━━ RECORD EXTRACTS

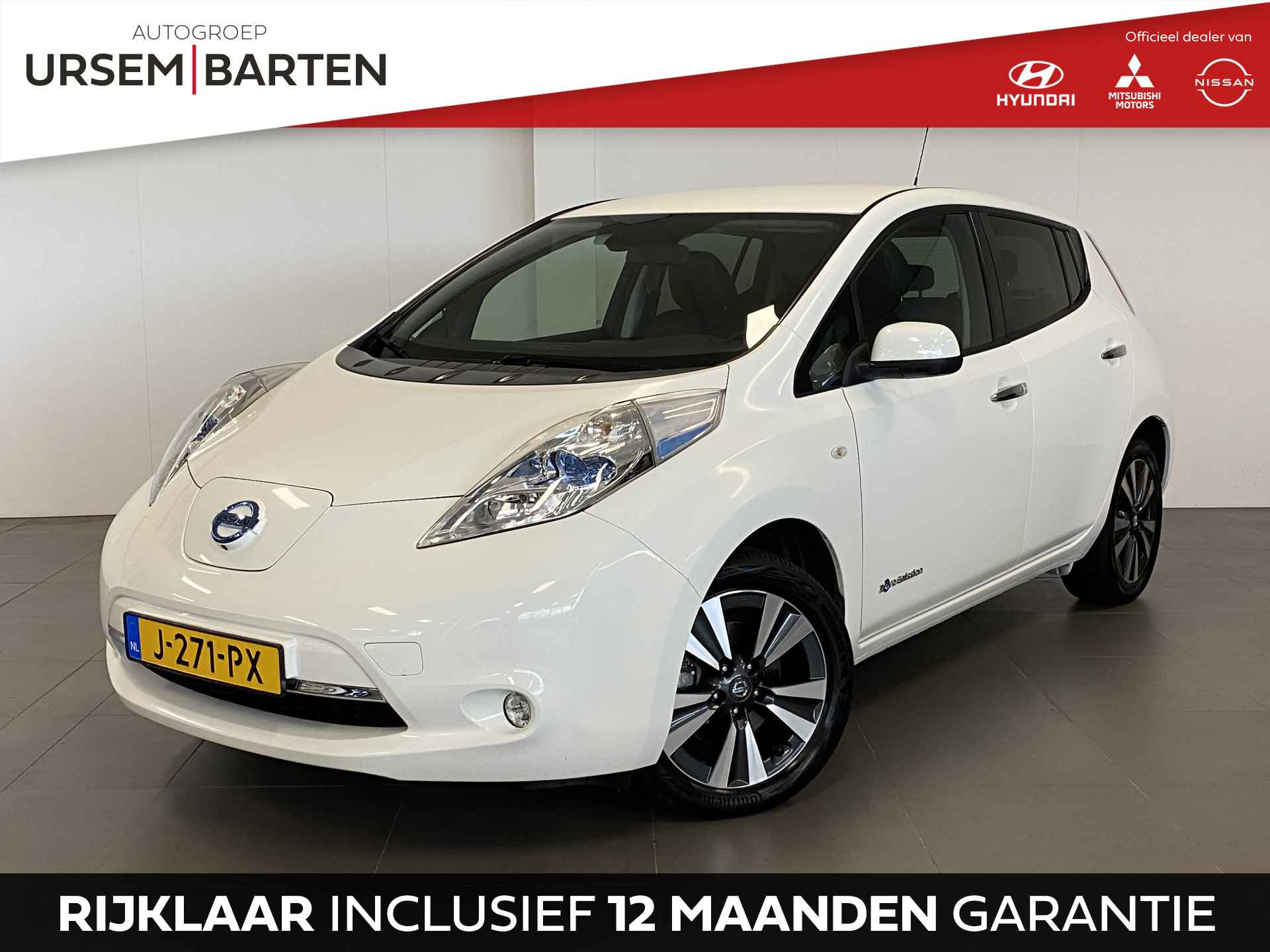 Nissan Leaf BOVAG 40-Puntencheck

━━━━
━━ RECORD EXTRACTS

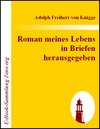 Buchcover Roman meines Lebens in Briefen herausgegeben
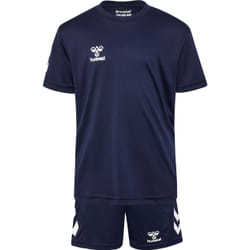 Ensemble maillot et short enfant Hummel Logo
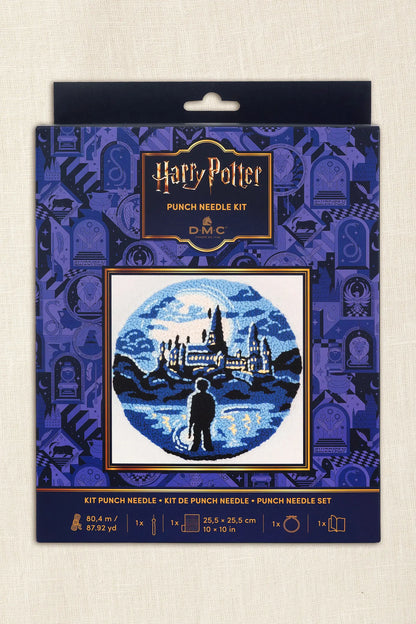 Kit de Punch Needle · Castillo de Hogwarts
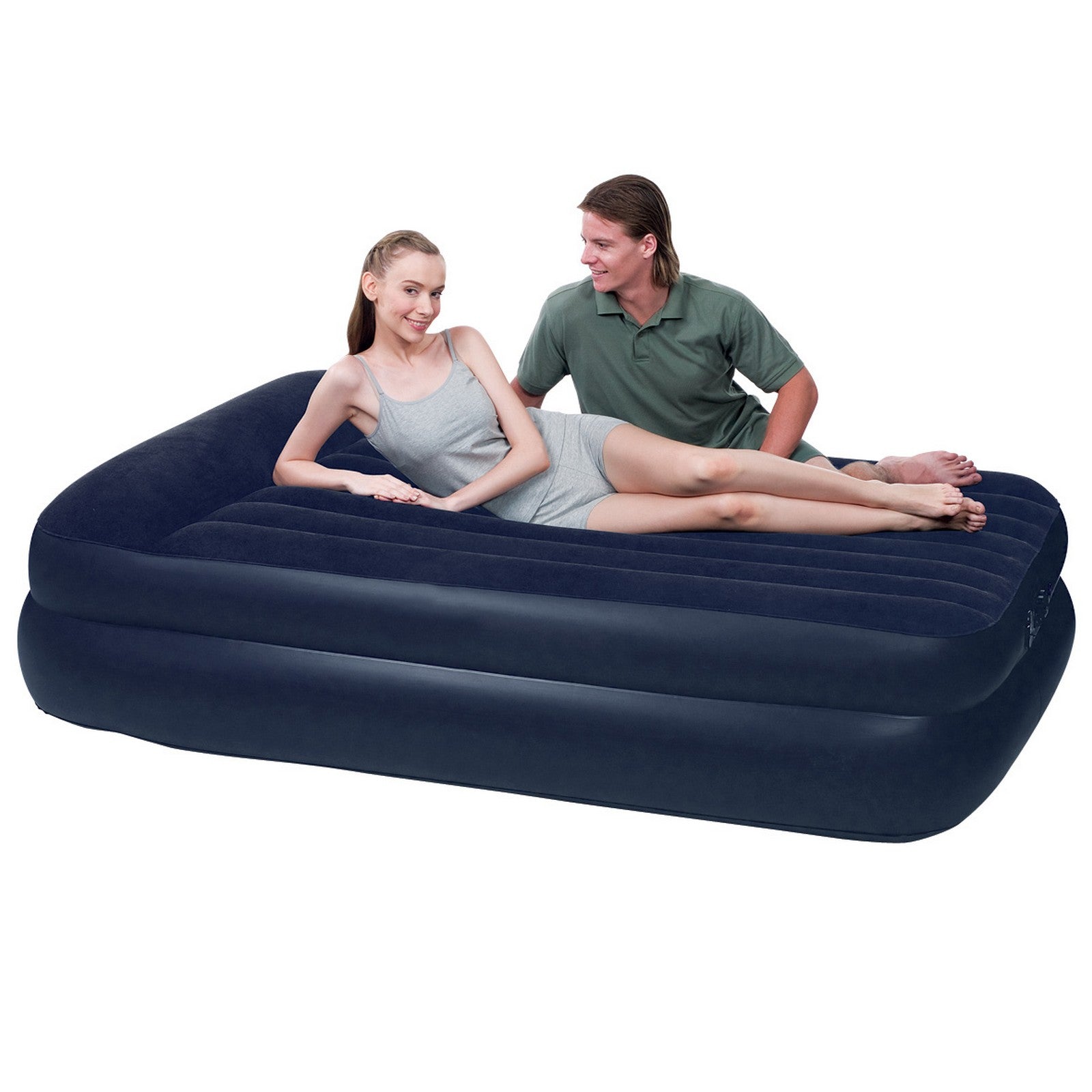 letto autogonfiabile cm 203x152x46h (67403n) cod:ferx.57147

━━━━

_BRIEF_
Word for word, restate the lines above from the one with "Buchcover Roman meines" through the one with "letto autogonfiabile cm", keeping both ends and dropping the pictures.

_YOUR RESPONSE_
 Buchcover Roman meines Lebens in Briefen herausgegeben
 Ensemble maillot et short enfant Hummel Logo
 Kit de Punch Needle · Castillo de Hogwarts
 letto autogonfiabile cm 203x152x46h (67403n) cod:ferx.57147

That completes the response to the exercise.